Consider the recent moves of major brands like RadioShack, Staples and Sears. RadioShack is closing 1,100 stores in the coming months and years. That’s roughly 20 percent of their stores. RadioShack will also remodel their remaining stores to give them a more “modern look.”
Staples, meanwhile, is embarking on a similar store-closure plan, as it intends to shutter 225 stores by the end of the year. Half of the company’s sales come from online purchases, and Staples has also been downsizing it’s remaining locations for the last few years.

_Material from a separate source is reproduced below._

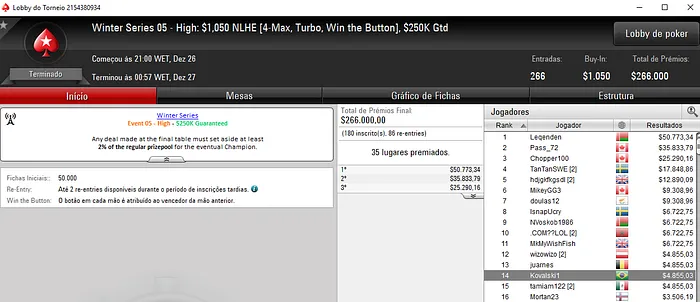 diogosnb Conquista título no Evento #4 Micro & Mais Forras Brasileiras 109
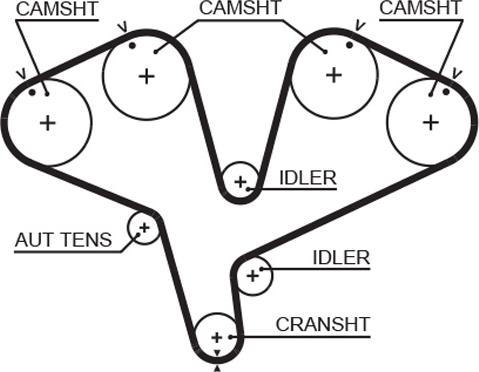 GATES 5453XS - Curea de distributie aaoparts.ro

Finally there’s Sears, which has closed 300 stores since 2010. Maybe their most symbolic move is about to be made: they will close their flagship store in Chicago in April.
The fact of the matter is the internet has forever changed the way we purchase goods. Nearly $1 trillion in e-commerce sales occurred in the U.S. last year, and within two years that figure should jump to $1.4 trillion. It is a reminder that businesses need to adapt with the ever-changing marketplace they operate in. If those changes require major moves, it behooves the company to know all of the legal ins and outs pertaining to their strategy.